DuPont Co. and Lucite International have agreed to pay $2 million in fines for not upgrading pollution-control equipment when they added equipment to increase production at a sulfuric acid plant in Belle, federal officials announced Monday.
DuPont and Lucite violated federal and state pollution laws by not telling regulators about the expansion, failing to obtain permits for the changes, and neglecting to include emissions-control improvements, according to documents filed in U.S. District Court in Charleston.
The violations were cited at a sulfuric acid plant that is part of DuPont’s sprawling chemical manufacturing site in Belle. The facility has changed hands several times. It is currently owned by Lucite, which is partly a DuPont spin-off firm, but has been continually operated by DuPont.
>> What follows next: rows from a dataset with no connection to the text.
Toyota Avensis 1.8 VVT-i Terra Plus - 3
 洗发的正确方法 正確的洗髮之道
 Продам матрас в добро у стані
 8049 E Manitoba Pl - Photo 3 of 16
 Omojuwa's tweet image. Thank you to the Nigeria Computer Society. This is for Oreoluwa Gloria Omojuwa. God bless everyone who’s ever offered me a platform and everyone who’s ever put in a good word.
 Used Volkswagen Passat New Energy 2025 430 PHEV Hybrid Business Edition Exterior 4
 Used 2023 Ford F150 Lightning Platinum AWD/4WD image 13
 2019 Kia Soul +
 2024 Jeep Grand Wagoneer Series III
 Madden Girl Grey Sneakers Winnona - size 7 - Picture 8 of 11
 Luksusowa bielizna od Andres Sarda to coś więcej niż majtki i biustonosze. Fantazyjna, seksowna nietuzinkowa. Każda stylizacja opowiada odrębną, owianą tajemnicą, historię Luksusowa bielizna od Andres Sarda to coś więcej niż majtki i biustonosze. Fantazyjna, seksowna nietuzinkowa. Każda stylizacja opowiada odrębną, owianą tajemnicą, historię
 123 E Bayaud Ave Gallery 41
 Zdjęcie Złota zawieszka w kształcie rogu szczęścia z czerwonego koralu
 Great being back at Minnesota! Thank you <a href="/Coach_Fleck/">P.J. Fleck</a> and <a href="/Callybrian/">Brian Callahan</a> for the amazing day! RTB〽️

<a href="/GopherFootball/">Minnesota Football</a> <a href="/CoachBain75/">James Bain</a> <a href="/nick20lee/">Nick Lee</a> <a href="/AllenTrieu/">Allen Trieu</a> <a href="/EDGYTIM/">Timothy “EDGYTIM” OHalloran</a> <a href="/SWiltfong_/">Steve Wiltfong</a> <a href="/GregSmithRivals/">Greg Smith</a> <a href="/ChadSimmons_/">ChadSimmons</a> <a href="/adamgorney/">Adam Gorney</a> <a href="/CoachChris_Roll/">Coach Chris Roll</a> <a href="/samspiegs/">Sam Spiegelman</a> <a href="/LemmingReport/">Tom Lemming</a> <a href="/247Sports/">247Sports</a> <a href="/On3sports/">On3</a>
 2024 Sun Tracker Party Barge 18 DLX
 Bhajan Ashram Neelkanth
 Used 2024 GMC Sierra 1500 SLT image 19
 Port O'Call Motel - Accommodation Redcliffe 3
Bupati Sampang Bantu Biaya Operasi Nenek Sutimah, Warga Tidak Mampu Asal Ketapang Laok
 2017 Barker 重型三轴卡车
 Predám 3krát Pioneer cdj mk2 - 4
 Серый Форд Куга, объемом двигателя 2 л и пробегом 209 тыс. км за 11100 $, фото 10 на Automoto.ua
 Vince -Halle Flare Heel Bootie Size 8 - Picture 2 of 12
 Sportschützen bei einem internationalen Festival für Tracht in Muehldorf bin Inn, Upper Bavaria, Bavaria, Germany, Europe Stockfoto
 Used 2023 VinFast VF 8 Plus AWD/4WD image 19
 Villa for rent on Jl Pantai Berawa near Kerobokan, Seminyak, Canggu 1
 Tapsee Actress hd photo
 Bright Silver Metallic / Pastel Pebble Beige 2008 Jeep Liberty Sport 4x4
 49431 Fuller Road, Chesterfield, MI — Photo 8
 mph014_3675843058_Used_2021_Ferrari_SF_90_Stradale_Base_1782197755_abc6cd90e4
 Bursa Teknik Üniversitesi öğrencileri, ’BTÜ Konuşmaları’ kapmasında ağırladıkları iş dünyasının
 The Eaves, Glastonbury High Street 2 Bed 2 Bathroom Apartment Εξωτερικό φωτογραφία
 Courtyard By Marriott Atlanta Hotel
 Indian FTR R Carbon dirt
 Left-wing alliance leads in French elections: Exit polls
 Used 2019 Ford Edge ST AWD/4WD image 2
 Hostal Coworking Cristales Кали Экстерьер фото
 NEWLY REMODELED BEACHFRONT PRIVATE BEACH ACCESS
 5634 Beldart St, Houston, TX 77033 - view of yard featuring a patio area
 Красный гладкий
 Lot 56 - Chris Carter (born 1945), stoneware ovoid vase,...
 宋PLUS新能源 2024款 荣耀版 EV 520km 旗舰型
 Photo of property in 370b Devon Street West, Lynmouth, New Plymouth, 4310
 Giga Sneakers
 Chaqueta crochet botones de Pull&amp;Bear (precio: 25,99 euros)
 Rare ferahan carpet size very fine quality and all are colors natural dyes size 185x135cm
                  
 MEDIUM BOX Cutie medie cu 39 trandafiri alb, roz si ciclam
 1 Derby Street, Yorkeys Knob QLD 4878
U.S. Environmental Protection Agency officials and Department of Justice lawyers filed both a lawsuit and a settlement of that suit Monday in federal court. The deal is subject to a public comment period and approval by a federal judge.
At the plant in question, sulfuric acid is produced using a process in which elemental sulfur or spent sulfuric acid is burned to form sulfur dioxide, which is then converted to sulfur trioxide and then finally converted to sulfuric acid.
State officials said DuPont made production changes between 1988 and 1996, including replacement and upgrades of a heat exchanger, gas control valves, an air pre-heater and a furnace dome.
These changes resulted in “significant net emissions increases” of sulfur dioxide and sulfuric acid mist. Federal officials said that sulfur dioxide emissions alone jumped to eight times the allowed limit.
But DuPont never submitted permit applications under EPA’s “new source review” program, and the changes were not discovered until EPA enforcement inspectors launched a nationwide examination of sulfuric acid plants similar to one that previously targeted coal-fired power plants.